In addition to its primary function of airbag management, the SDM tracks data on pre-deployment braking; engine speed; vehicle speed; percent throttle; seat belt use; and also records crash data. This can be retrieved from the event data recorder (EDR), which is part of the SDM. In fact, one manufacturer in Santa Barbara, California now sells hardware and software that can access these systems and analyze the data. This is greatly enhancing the field of ACR for those who can afford it. Law enforcement and insurance agencies are also starting to use it. In Figure 2, the device used by GM to download this data from its modules is illustrated.

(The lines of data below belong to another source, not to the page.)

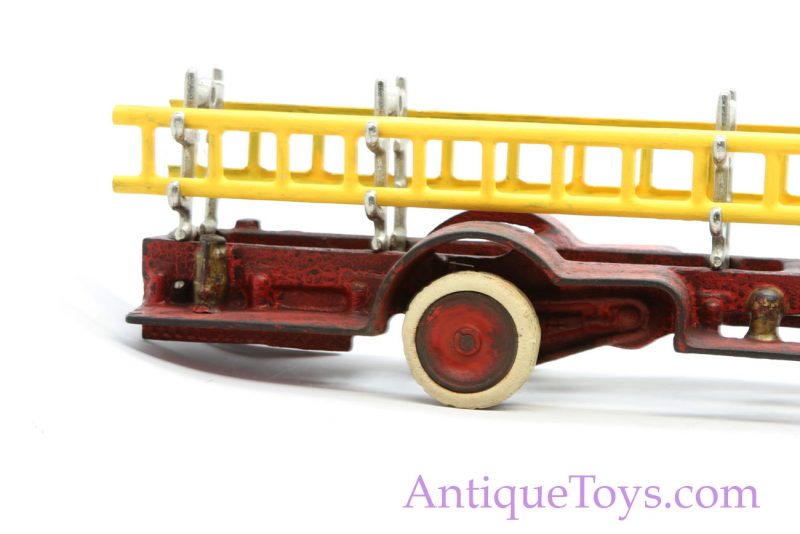 Arcade Cast Iron Mack Fire Truck with Ladders <FONT COLOR="ff000 ">*SOLD*</font> - Image 6
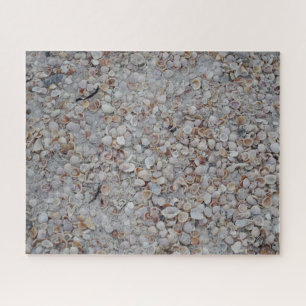 Golf-Küsteseashells-Strand-Puzzlespiel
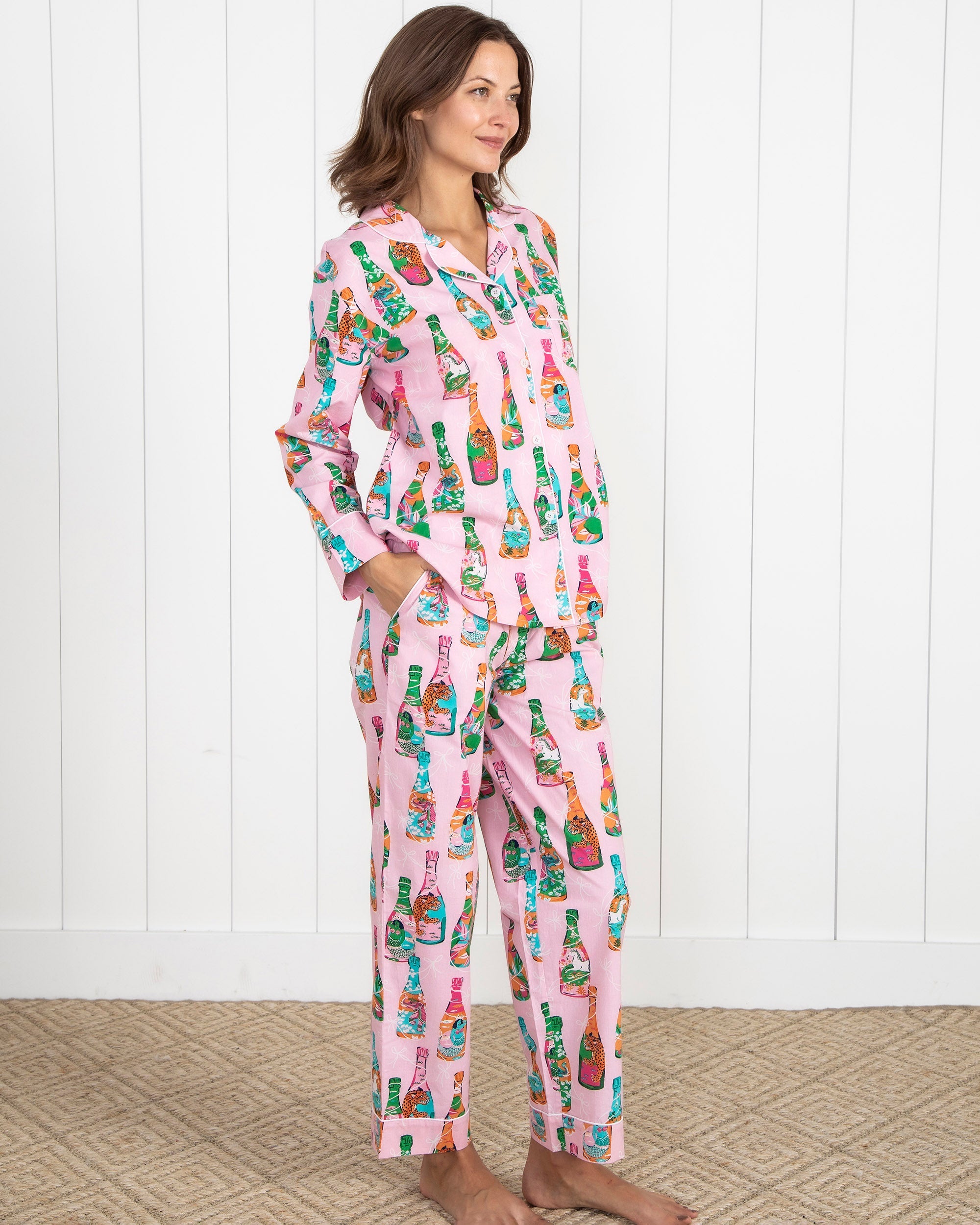 Pop the Bubbly - Long Sleep Set - Sparkling Rosé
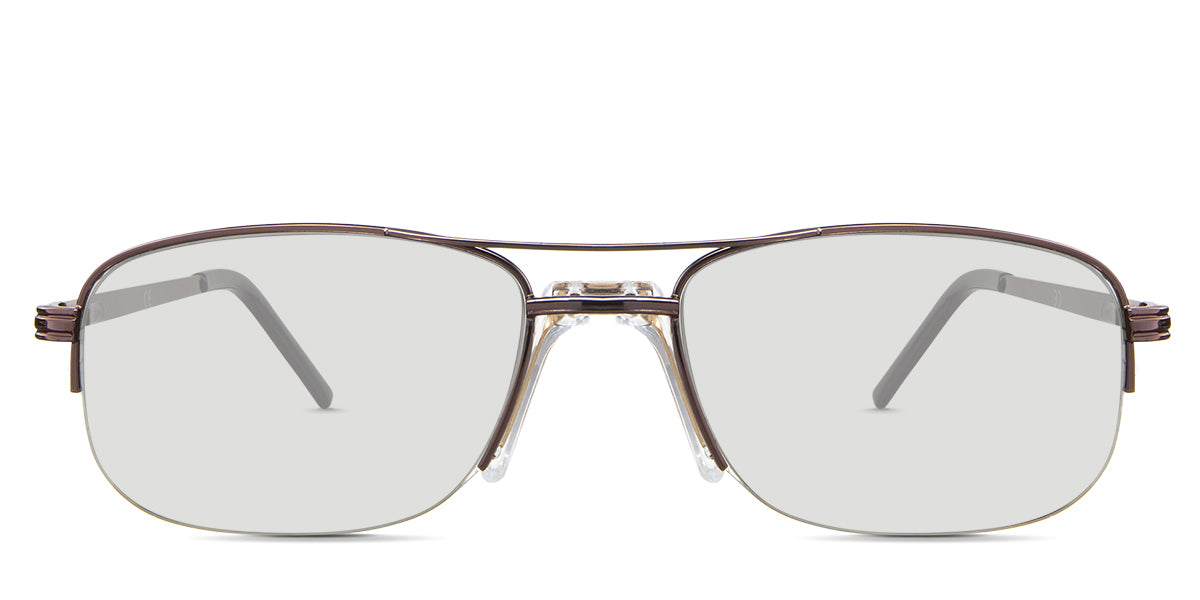 Niral Men's Prescription Tinted Glasses - Stylish & UV Protection for Outdoor Activities, Driving & Daily Wear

We recently put the EDR/SDM in late- model GM cars to the test at San Diego's CRASH 2001, a program sponsored jointly by the Spine Research Institute of San Diego and the Center for Research into Automotive Safety and Health (CRASH). Our efforts were backed by Texas A&M University and General Motors, which donated a 2000 Chevrolet Impala, along with support staff and the hardware/software needed for downloading and analyzing the black box data. Although I will report the results of our study in another paper, and the black box validation project was only one of several we were working on, I can report here that the GM car, with the EDR/SDM on board, performed precisely as designed, deploying the GM car's airbag with perfect timing. Perhaps as evidence of that, the head resultant acceleration of the Impala's volunteer occupant was about 40g, while that of the passenger of the opposing Ford Taurus was about 50g.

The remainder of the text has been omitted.